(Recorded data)
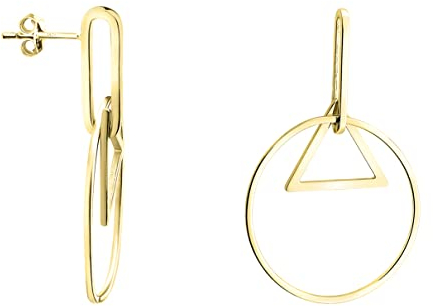 SOFIA MILANI - Damen Ohrringe 925 Silber - vergoldet/golden - Kreis Dreieck Ohrhänger - E1511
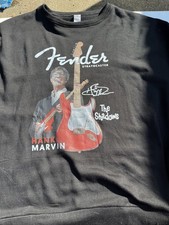 Felpa girocollo chitarra Fender Hank Marvin The Shadows Band 3XL nera grafica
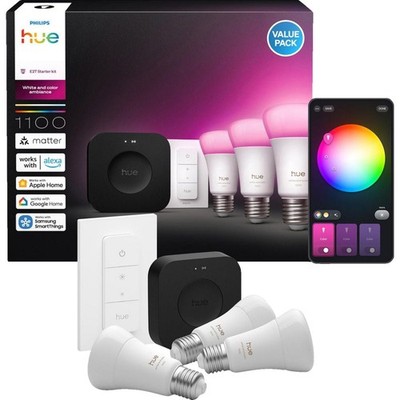 Philips Hue Bridge Pro + Dimmer Switch + 3  E27 smarte Lampen Starterset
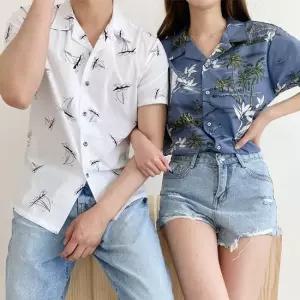 야자수 요트 디자인 커플 셔츠 신혼여행룩 시밀러룩 커플바캉스룩 커플여름남방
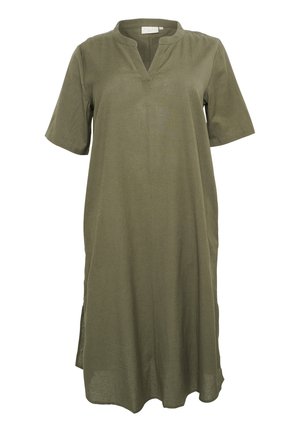 Olive green linen dress with short sleeves, V-neckline, and side slits. Lightweight, loose fit, smooth texture, and simple design.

Task directions >>
Please print every record above exactly, but leave the pictures out.

Answer to the exercise >>
 SOFIA MILANI - Damen Ohrringe 925 Silber - vergoldet/golden - Kreis Dreieck Ohrhänger - E1511
 Felpa girocollo chitarra Fender Hank Marvin The Shadows Band 3XL nera grafica
 Philips Hue Bridge Pro + Dimmer Switch + 3  E27 smarte Lampen Starterset
 야자수 요트 디자인 커플 셔츠 신혼여행룩 시밀러룩 커플바캉스룩 커플여름남방
 Olive green linen dress with short sleeves, V-neckline, and side slits. Lightweight, loose fit, smooth texture, and simple design.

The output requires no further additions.